What is needed:
Shown below are entries with pictures; the line with "Camping Bois De" through the line with "とろ〜っと絡む和風ソースの春菊ハンバーグ作り方2写真" is the span to retype exactly, and the pictures stay out.

Dataset content:
########
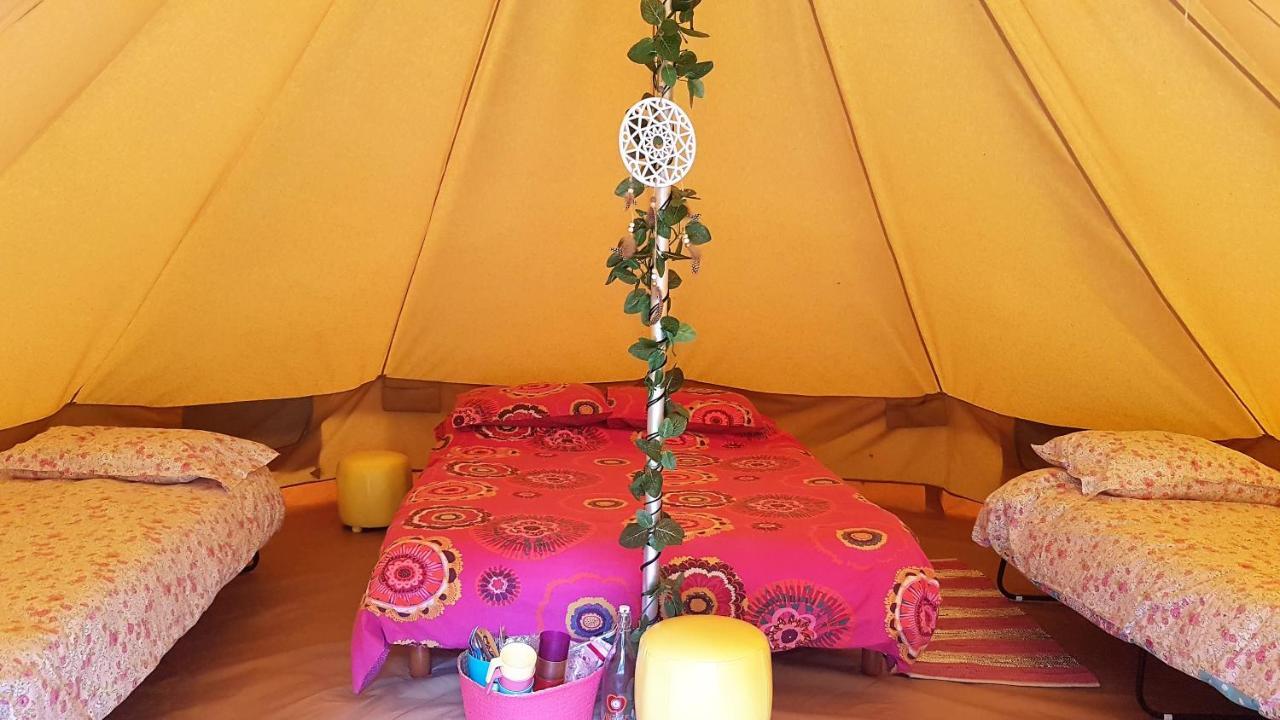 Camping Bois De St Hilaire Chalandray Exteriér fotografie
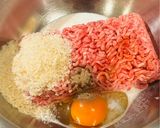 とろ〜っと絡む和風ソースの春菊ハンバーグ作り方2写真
########
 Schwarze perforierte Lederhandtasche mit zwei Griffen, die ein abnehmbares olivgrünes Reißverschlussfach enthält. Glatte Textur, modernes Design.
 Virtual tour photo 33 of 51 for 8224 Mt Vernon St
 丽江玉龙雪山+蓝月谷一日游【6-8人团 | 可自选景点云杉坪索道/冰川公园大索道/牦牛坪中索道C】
########
Final answer:
 Camping Bois De St Hilaire Chalandray Exteriér fotografie
 とろ〜っと絡む和風ソースの春菊ハンバーグ作り方2写真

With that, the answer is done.